BEGIN Information provided
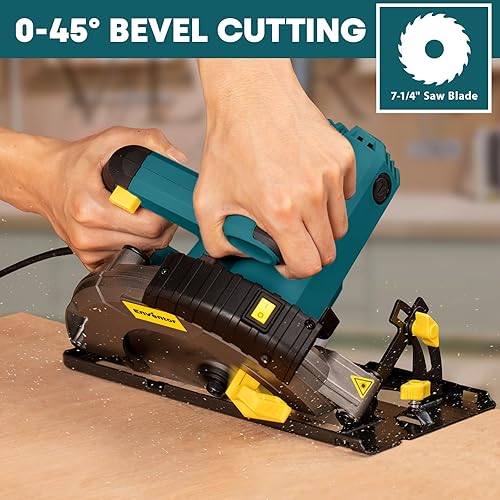 Miniatura 6 de Enventor Sierra circular con cable, sierras circulares eléctricas 14A de 7-1/4 pulgadas con guía láser, 2 hojas (40T/24T), profundidad máxima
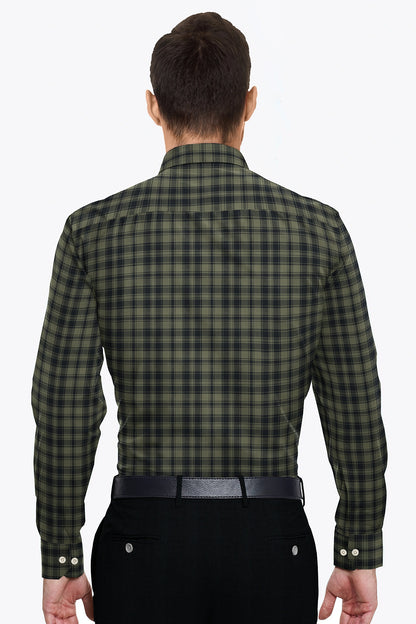 Calliste Green and Black Checks Cotton Shirt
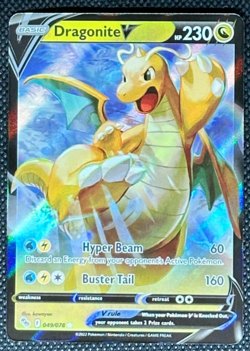Dragonite V 049/078 NM Pokemon GO Holo Pokemon Card Free Shipping - Image 1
END Information provided
◆ **The task**: Every line of the listing above is to be set down verbatim, without the pictures.

◆ **Result**:
 Miniatura 6 de Enventor Sierra circular con cable, sierras circulares eléctricas 14A de 7-1/4 pulgadas con guía láser, 2 hojas (40T/24T), profundidad máxima
 Calliste Green and Black Checks Cotton Shirt
Dragonite V 049/078 NM Pokemon GO Holo Pokemon Card Free Shipping - Image 1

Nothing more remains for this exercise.